== Source data ==

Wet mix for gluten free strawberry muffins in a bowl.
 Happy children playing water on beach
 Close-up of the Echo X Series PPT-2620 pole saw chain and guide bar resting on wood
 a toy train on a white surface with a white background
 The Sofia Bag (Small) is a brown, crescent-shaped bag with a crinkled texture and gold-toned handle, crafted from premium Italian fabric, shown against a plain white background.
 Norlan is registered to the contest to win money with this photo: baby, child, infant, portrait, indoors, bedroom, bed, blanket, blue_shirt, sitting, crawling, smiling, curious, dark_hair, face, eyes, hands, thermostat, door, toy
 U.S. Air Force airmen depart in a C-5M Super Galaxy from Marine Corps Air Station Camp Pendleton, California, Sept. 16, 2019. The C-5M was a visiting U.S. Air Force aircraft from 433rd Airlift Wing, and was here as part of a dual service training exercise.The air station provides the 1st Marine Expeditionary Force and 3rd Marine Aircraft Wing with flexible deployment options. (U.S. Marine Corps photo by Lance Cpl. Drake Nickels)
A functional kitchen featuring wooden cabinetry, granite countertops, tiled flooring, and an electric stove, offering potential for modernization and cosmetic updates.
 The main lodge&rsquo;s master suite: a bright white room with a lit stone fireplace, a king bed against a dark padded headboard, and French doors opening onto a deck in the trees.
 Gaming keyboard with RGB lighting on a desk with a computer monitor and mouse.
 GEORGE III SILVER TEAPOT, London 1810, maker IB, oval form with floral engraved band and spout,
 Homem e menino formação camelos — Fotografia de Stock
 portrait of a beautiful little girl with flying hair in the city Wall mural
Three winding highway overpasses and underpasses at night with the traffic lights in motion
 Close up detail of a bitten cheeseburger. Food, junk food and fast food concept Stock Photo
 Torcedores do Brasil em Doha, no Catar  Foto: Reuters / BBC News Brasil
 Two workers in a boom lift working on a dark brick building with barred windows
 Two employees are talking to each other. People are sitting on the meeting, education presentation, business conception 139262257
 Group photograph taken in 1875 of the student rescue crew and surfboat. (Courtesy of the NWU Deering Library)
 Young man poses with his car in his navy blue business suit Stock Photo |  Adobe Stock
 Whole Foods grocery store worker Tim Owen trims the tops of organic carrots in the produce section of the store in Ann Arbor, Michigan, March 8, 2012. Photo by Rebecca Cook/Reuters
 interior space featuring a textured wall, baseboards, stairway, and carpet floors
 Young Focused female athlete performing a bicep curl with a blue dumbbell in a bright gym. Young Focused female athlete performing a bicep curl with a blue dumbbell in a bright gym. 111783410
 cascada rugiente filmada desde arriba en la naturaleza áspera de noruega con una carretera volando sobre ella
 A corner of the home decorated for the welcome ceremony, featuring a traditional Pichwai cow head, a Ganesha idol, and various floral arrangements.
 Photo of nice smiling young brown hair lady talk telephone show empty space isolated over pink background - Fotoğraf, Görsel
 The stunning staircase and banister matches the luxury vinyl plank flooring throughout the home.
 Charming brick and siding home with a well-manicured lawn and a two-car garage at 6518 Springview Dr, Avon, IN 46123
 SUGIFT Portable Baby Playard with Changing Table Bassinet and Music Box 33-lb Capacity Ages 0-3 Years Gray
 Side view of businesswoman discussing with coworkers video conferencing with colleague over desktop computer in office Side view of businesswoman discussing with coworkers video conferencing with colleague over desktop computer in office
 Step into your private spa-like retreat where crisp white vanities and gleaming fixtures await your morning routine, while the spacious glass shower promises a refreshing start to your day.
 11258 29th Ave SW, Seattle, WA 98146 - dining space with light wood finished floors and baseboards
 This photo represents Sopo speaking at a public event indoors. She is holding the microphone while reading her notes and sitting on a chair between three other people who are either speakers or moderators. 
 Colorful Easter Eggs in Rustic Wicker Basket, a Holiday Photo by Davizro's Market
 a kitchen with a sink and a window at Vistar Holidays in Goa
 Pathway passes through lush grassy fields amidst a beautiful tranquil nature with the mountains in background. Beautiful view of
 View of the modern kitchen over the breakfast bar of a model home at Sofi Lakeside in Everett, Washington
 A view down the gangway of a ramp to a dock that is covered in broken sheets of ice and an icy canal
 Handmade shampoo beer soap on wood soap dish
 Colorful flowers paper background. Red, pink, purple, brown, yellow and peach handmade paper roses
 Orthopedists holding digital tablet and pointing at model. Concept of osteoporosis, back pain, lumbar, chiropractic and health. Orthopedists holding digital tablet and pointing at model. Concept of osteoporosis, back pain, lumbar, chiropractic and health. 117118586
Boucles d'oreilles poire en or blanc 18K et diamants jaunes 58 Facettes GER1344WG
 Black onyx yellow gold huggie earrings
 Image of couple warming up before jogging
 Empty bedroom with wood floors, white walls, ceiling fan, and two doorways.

===

Exercise brief
Above is a listing; print exactly its lines from the one with "Torcedores do Brasil" through the one with "Young man poses", and no other lines.

Expected answer
 Torcedores do Brasil em Doha, no Catar  Foto: Reuters / BBC News Brasil
 Two workers in a boom lift working on a dark brick building with barred windows
 Two employees are talking to each other. People are sitting on the meeting, education presentation, business conception 139262257
 Group photograph taken in 1875 of the student rescue crew and surfboat. (Courtesy of the NWU Deering Library)
 Young man poses with his car in his navy blue business suit Stock Photo |  Adobe Stock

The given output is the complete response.